Wednesday, September 28, 2011

Productivity

I am a chronic list maker. I have to-do lists for the year, the month, the week, the day, the hour, the next 30 minutes, and sometimes the next 5 minutes. My desk and kitchen table are littered with notebooks,  post it notes, and scraps of paper sometimes bearing the exact same list. I even have a notepad and pen in my bedside table so that I can (and frequently will) write notes to myself just before I doze off to sleep.

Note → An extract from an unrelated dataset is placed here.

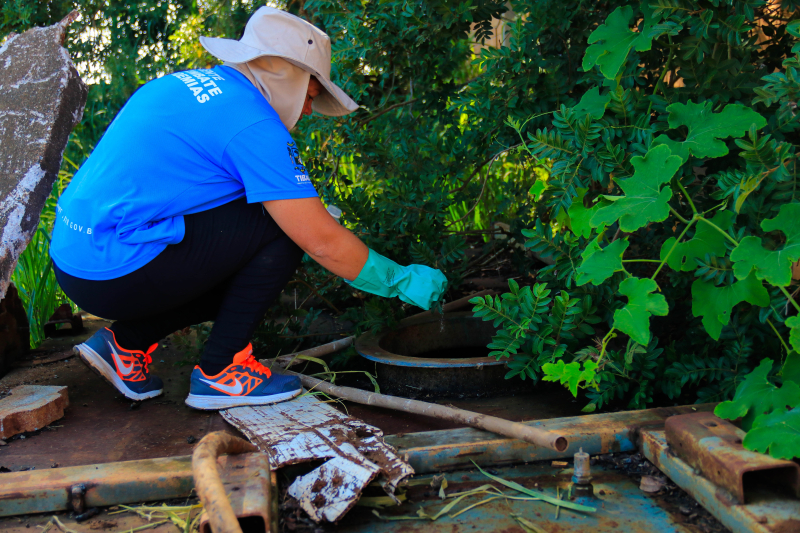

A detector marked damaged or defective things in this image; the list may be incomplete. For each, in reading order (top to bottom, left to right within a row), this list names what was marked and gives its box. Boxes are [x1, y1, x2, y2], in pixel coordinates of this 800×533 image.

rusty metal tank [354, 312, 512, 400]
rusty metal frame [640, 428, 800, 532]
rusty metal frame [664, 412, 800, 502]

Just a typical view of my kitchen table.

The other day I had such a list made and I actually completed much of what was on it: I went grocery shopping, got my oil changed, re-skeined and labelled yarn, completed the remainder of my paperwork for my next trip to Romania, vacuumed, unloaded the dishwasher, reloaded the dishwasher, updated my blog, and put the kitchen back together after a previous day of dyeing. I was up at 9:30 and spent two hours on the computer before I even got dressed answering emails and updating my charity website. And yet, at 7:30 when I was all finished with the above mentioned tasks and was setting out for my evening walk I felt like I had been unproductive. I felt like I should have done more, like I should have worked on my CV or my support letter for my trip. Or I should have loaded the car for the festival (even though there are only two boxes to load and it will take all of 10 minutes in the morning). The problem, as I see it, is that my gauge of productivity is off.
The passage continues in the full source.